Jim Cramer believes investing in Whirlpool Corporation (NYSE:WHR) is one of the “best ways to play the change” in the Fed’s stance. Cramer regretted he didn’t buy the stock earlier.
In November, Whirlpool Corporation (NYSE:WHR) revealed in an SEC filing that the company plans to sell about 24% of its ownership interest in Whirlpool Whirlpool Corporation (NYSE:WHR) of India Limited in 2024.
Jim Cramer in a recent program praised IoT-based monitoring solutions company Samsara Inc (NYSE:IOT) and said can Samsara Inc (NYSE:IOT) could “be acquired” if it does not keep going “higher?”
A total of 24 hedge funds out of the 910 funds tracked by Insider Monkey had stakes in Samsara Inc (NYSE:IOT).
In November, Samsara Inc (NYSE:IOT) posted Q3 results. Adjusted EPS in the period came in at $0.04, beating estimates by $0.03. Revenue jumped about $237.5 million, beating estimates by $11.77 million.
Jim Cramer recommended investors to “hang on” to Prudential Financial Inc (NYSE:PRU). Cramer likes the stock’s dividend yield and was surprised the stock is up just about 3% for the year despite a strong price target and ratings upgrade.
“I think you’ve got a keeper,” Cramer said of Prudential Financial Inc (NYSE:PRU).
A total of 28 hedge funds out of the 910 funds tracked by Insider Monkey had stakes in Prudential Financial Inc (NYSE:PRU). The most significant stake in Prudential Financial Inc (NYSE:PRU) is owned by Dmitry Balyasny’s Balyasny Asset Management which owns an $106 million stake in Prudential Financial Inc (NYSE:PRU).
Recently, in a program on CNBC, a caller asked Jim Cramer about his thoughts on American EV company Rivian Automotive Inc (NASDAQ:RIVN) and whether he should take profits on the stock. Cramer said that Rivian Automotive Inc (NASDAQ:RIVN) “is up a lot” but recommended the caller to sell half of the stake he owns to take profits and hold the rest of the stake for further gains. Cramer said that Rivian Automotive Inc (NASDAQ:RIVN) is a “survivor.” Rivian Automotive Inc (NASDAQ:RIVN) stock is up by about 40% year to date.

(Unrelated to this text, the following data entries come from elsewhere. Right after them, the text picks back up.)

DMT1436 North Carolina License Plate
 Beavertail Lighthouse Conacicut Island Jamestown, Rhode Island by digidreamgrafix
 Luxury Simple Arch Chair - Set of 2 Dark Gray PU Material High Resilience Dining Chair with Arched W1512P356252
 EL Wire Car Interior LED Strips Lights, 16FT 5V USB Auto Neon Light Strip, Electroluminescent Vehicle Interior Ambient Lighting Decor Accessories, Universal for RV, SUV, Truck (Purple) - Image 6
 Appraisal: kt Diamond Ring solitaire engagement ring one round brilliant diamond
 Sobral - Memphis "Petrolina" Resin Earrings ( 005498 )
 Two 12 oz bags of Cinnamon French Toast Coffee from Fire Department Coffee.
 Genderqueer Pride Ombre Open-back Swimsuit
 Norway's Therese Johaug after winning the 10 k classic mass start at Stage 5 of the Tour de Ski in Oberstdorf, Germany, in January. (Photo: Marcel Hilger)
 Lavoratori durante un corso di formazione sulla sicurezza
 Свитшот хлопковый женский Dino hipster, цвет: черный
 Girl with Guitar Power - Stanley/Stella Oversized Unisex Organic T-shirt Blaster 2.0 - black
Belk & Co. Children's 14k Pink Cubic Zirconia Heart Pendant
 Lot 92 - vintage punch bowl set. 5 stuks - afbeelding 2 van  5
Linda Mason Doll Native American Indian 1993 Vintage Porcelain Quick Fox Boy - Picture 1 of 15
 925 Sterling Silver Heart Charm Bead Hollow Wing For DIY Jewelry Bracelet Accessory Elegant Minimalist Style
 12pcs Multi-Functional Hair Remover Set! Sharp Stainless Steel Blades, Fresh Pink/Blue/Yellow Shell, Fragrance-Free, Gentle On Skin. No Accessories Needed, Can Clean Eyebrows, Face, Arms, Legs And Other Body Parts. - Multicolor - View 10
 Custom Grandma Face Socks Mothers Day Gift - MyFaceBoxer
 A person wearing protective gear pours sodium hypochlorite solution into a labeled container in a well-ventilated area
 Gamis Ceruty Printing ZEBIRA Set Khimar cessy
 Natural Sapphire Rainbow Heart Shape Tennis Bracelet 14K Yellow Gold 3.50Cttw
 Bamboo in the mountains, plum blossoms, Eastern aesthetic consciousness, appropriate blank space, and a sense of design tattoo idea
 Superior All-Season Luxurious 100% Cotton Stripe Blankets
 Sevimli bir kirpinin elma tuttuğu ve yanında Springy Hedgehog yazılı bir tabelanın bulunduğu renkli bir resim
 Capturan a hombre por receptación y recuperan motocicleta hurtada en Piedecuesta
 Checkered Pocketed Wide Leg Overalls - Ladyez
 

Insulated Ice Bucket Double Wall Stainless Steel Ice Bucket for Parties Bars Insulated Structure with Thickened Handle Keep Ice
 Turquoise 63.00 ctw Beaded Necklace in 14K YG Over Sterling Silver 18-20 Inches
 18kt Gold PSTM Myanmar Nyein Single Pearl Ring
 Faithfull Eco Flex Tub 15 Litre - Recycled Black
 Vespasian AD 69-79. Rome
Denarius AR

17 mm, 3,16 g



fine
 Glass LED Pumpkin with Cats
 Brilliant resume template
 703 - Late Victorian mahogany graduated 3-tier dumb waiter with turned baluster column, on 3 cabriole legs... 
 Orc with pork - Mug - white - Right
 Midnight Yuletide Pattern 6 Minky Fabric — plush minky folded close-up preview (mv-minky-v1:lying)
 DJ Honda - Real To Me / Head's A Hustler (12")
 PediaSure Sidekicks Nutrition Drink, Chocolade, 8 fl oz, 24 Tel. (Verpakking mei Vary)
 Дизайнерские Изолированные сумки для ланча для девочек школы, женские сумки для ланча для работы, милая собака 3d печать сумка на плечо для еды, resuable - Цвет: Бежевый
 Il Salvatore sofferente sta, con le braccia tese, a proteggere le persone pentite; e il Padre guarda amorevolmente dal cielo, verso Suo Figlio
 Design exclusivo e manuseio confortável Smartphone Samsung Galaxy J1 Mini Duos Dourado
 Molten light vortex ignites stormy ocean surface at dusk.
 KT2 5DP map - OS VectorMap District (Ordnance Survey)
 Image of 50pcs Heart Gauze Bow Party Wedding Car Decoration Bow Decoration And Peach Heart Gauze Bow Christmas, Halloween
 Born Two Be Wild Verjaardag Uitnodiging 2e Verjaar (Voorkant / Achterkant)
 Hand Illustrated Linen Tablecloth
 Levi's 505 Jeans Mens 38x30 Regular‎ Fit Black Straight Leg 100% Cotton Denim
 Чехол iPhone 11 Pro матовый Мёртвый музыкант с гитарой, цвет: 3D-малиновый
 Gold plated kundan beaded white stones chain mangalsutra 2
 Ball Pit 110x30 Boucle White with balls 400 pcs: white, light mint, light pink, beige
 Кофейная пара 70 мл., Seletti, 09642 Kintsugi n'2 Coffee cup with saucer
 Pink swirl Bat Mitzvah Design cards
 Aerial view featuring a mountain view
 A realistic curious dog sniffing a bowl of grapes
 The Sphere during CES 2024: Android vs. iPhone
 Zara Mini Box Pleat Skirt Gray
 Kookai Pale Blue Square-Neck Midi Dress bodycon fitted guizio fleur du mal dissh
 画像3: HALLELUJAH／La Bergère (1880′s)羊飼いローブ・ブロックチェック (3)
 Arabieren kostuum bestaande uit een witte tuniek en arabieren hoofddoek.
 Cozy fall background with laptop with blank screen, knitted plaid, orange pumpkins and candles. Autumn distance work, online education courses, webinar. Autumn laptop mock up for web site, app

As of the end of the third quarter of 2023, 35 hedge funds out of the 910 funds tracked by Insider Monkey had stakes in Rivian Automotive Inc (NASDAQ:RIVN). The biggest stakeholder of Rivian Automotive Inc (NASDAQ:RIVN) was Daniel Sundheim’s D1 Capital Partners which owns a $327 million stake in Rivian Automotive Inc (NASDAQ:RIVN).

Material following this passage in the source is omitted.